No one has claimed responsibility for the attack as yet.
“So far, we have not received any e-government service cases that are affected by the virus,” official news agency WAM quoted the TRA as saying.
“WannaCry is a malicious programme that affects smartphones and computers by encrypting and locking their data so that it cannot be accessed until payment is made.”
— BBC Breaking News (@BBCBreaking) May 12, 2017
Security company Avast claimed that some 100,000 computers in 99 countries had been infected by the malware with Russia, Ukraine and Taiwan the top targets.
The malware was reportedly using a technique “stolen from the US National Security Agency”, according to reports.
Kaspersky Labs said in a statement that it was “trying to determine whether it is possible to decrypt data locked in the attack – with the aim of developing a decryption tool as soon as possible.”
The Computer Emergency Response Team at the UAE’s TRA called on system administrators to “increase the degree of readiness, continuously monitor systems, and inform the authority in case their devices get exposed to the virus”.
The TRA also called on users to avoid opening any links and downloading any files that they may receive from unknown sources.
According to the 2017 Symantec Internet Security Threat Report, the UAE is the second most targeted country in the Middle East and Africa for ransomware (following Saudi Arabia), and the 26th most targeted country globally.

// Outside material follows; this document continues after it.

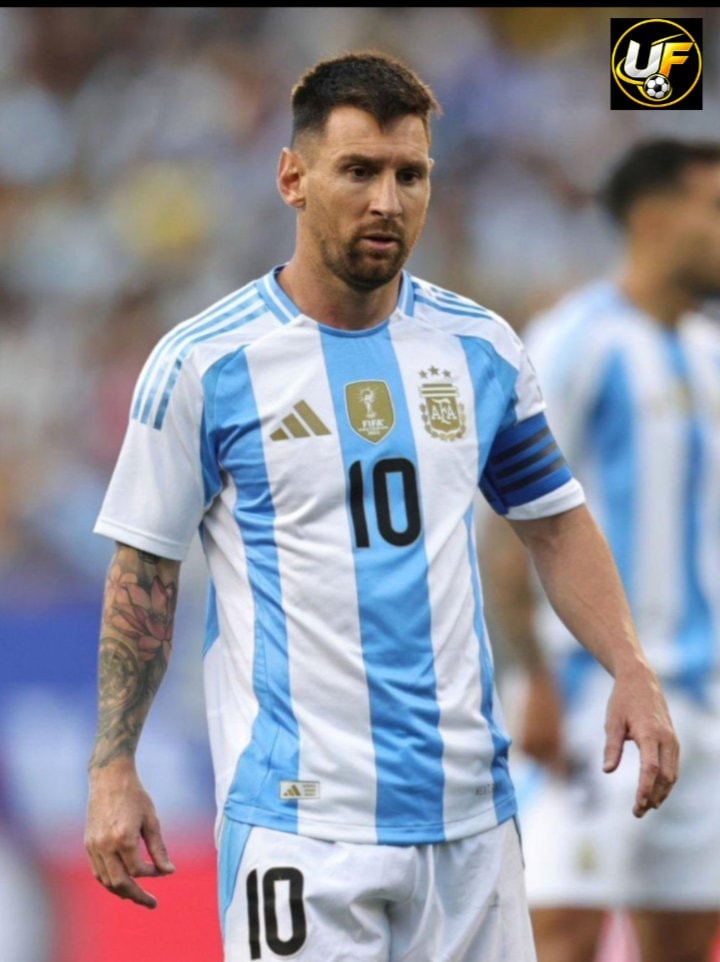 Lionel Messi final Argentina match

The report found that found that 30 per cent of UAE ransomware victims are willing to pay a ransom, compared to 34 per cent globally.
Globally, ransomware continued to escalate as a “lucrative business for criminals”, the report claimed.
Symantec identified over 100 new malware families released into the wild, more than triple the amount seen previously, and a 36 per cent increase in ransomware attacks worldwide.
In 2016, the global average ransom spiked 266 per cent with criminals demanding an average of $1,077 per victim up from $294 as reported for the previous year.
“Unfortunately the ransomware ‘business model’ is very profitable for cyber criminals and we’ve seen multiple reports of organisations paying out in the past,” said Rick Holland, vice president of Strategy at security firm Digital Shadows.
“Keeping up-to-date with ransomware is not easy, there are many variants. Many do get shut down and their encryption cracked, only for another version to spring up – therefore it’s a constant game of constant cat and mouse. We can only hope that adequate back up measures have been put in place so that vital data can be restored and systems cleaned. Most ransomware locks data rather than steals it – if that is the case here then the threat can be somewhat contained.”